The right Balance

By Li Qiaoyi Source:Global Times Published: 2013-6-30 22:43:05

The 5,000-pound and 3.2-meter-high Bund Bull statue in the Bund Financial Square in Shanghai Photo: IC

The 5,000-pound and 3.2-meter-high Bund Bull statue in the Bund Financial Square in Shanghai Photo: IC

Predictions for China's economic growth in 2013

Predictions for China's economic growth in 2013 Graphics: GT

On June 24, the 100th day of the new government led by President Xi Jinping and Premier Li Keqiang, China's stock markets suffered their heaviest daily loss in nearly four years.

It overshadowed what should have been a day of celebration for the new administration's reforms, which are aimed at pushing toward a new, more sustainable economic model.

There are high hopes that Li, the country's first Premier to hold an economics doctorate, will be able to lead the world's second-largest economy through a much-needed structural reform that is likely to be painful at times.

The new government took office in mid-March.

Since then, the State Council, the country's cabinet, presided over by Li, has announced a raft of policies and regulations to implement sweeping administrative reforms.

More moves aimed at revitalizing the economy through opening the financial, railway and energy sectors to private capital have also been urged by the new cabinet.

The announcements strengthened hopes for a healthier, more sustainable economic path, but recent economic indicators have dealt a blow to China's growth outlook, with a number of investment banks and economists lowering their projections for the nation's GDP growth in 2013 and onward.

But the central bank has taken a hard-line stance and is resisting the traditional move of funneling more liquidity into the banking system.

Consequently, concerns have arisen over whether the new government may have gone too far in its efforts to address economic problems.

"Monetary policy decisions are now probably made at the highest level. China is set to go into a structural reform phase that many of us have not seen before," Chris Leung, a Hong Kong-based senior economist at DBS Bank, said in a research note sent to the Global Times on Tuesday.

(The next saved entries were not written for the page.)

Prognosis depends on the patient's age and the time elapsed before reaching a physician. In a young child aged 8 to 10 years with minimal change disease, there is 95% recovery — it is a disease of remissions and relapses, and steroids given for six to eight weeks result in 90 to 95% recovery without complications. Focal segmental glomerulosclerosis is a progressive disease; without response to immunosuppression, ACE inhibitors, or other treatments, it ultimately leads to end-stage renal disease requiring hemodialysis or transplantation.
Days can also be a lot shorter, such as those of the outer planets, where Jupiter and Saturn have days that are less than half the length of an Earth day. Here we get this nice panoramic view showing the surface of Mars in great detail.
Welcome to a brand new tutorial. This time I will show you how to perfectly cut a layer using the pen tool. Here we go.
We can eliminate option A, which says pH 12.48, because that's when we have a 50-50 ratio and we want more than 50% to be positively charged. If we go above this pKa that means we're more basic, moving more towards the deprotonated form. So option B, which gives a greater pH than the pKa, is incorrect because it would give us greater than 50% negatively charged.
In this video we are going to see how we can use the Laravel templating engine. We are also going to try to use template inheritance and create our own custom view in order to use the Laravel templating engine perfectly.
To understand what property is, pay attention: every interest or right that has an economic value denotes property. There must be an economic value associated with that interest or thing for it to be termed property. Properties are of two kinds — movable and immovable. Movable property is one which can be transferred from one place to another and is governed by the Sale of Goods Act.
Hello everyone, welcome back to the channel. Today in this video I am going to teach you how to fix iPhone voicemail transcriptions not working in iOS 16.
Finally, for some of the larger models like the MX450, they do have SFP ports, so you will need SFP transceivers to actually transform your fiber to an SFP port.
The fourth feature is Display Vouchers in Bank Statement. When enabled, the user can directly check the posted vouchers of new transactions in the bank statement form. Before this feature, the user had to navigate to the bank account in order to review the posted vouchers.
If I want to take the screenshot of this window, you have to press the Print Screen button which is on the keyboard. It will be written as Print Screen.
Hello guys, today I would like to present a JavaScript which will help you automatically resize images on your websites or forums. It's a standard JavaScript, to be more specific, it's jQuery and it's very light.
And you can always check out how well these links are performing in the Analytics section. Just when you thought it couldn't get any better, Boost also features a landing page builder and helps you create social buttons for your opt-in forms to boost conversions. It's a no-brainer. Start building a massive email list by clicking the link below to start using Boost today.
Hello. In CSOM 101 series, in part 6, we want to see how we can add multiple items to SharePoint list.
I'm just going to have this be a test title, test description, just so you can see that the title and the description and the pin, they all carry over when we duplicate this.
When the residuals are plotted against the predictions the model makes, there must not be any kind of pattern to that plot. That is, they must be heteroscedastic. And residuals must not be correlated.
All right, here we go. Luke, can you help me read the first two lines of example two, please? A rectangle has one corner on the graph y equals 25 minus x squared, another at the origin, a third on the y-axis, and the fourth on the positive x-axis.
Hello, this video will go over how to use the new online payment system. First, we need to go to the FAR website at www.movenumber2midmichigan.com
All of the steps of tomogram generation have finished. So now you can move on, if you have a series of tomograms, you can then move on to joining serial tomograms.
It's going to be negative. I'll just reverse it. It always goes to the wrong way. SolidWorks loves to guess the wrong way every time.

"A good cause does not preclude market volatilities in the near term. This in turn will inevitably undermine investor confidence, particularly in the equity markets," Leung said.

A dose of Likonomics 

Summarizing the new government's economic policy framework, presided over by Premier Li Keqiang, as "Likonomics", Barclays Capital economists led by Huang Yiping said a in research note sent to the Global Times Thursday that there are three key aspects to it: no stimulus packages, de-leveraging efforts and advocating structural reform.

"We think 'Likonomics' is exactly what China needs to put its economy on a sustainable path," they said.

Over the next decade, China's annual economic growth will be lowered to around 6-8 percent, and policymakers will only resort to aggressive fiscal and monetary policies at a time of urgent need, according to the economists.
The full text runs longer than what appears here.